Crawled caption data
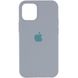 Чехол для iPhone 12 Pro Max Silicone Full / Закрытый низ / Серый / Mist Blue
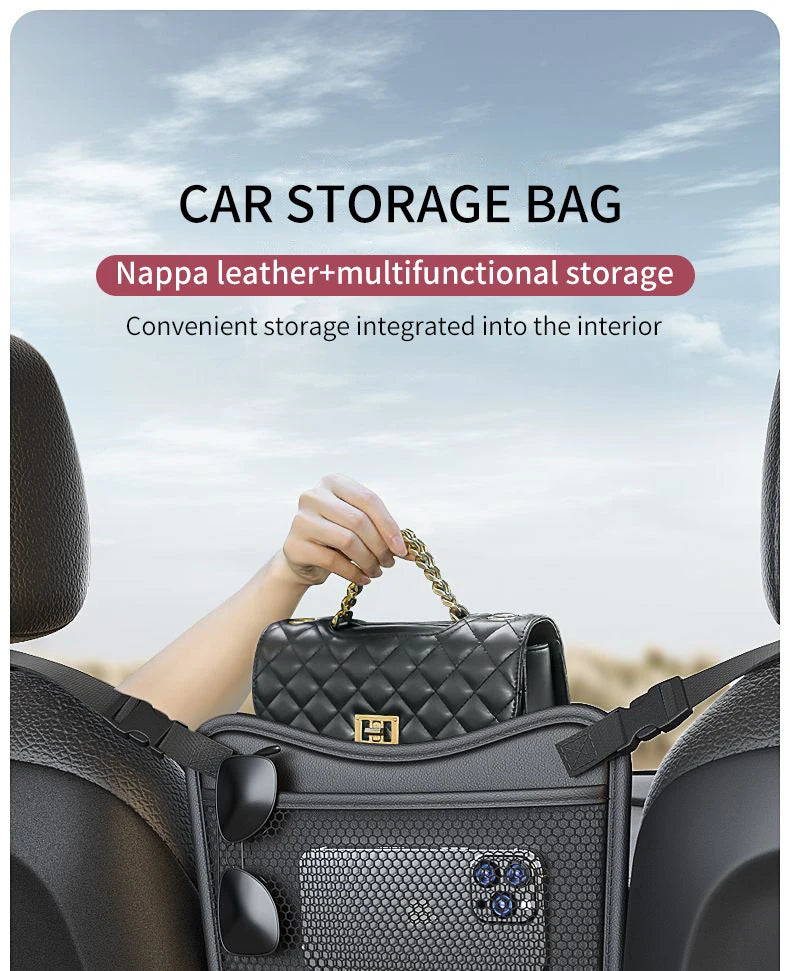 Car Organizer For MG ZS Seat Storage Box Car Hanging Storage Bag Tissue Box Car Stowing Tidying Storage Pocket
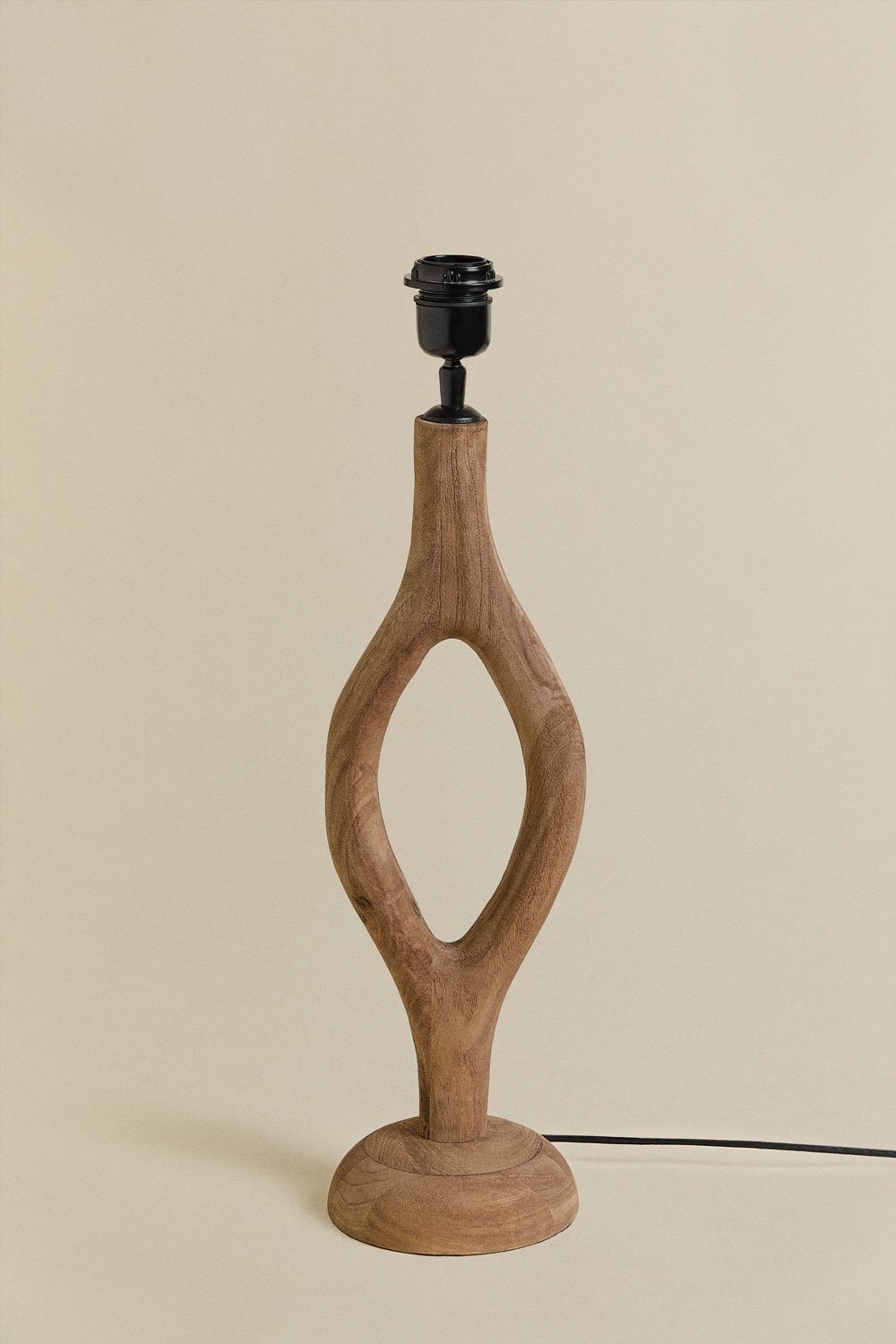 Base pour lampe de table ↑45 cm en bois de manguier Gracia, image de la galerie 1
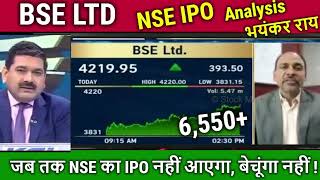 BSE LTD amp NSE IPO latest news Anil SinghviBSE LTD share latest newsBuy or not analysistarget [upl. by Azenav]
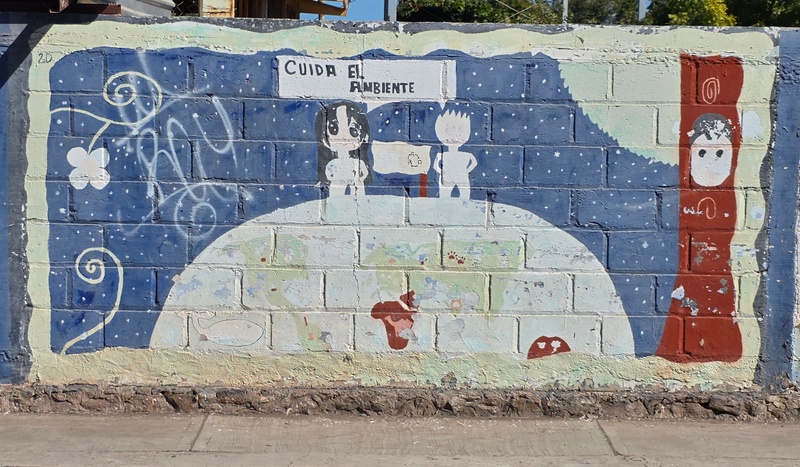 mural in Loreto by artist unknown.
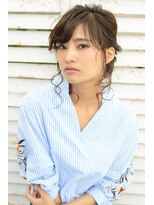 アース 豊崎店(HAIR&MAKE EARTH)&nbsp;＜3分アレンジ＞ラフ可愛い上級者見えアップヘア【EARTH豊崎店】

- _TASK REQUIREMENTS_
Without any pictures, please reproduce the full set of entries.

- _ANSWER SPACE_
 Чехол для iPhone 12 Pro Max Silicone Full / Закрытый низ / Серый / Mist Blue
 Car Organizer For MG ZS Seat Storage Box Car Hanging Storage Bag Tissue Box Car Stowing Tidying Storage Pocket
 Base pour lampe de table ↑45 cm en bois de manguier Gracia, image de la galerie 1
 BSE LTD amp NSE IPO latest news Anil SinghviBSE LTD share latest newsBuy or not analysistarget [upl. by Azenav]
 mural in Loreto by artist unknown.
 アース 豊崎店(HAIR&MAKE EARTH)&nbsp;＜3分アレンジ＞ラフ可愛い上級者見えアップヘア【EARTH豊崎店】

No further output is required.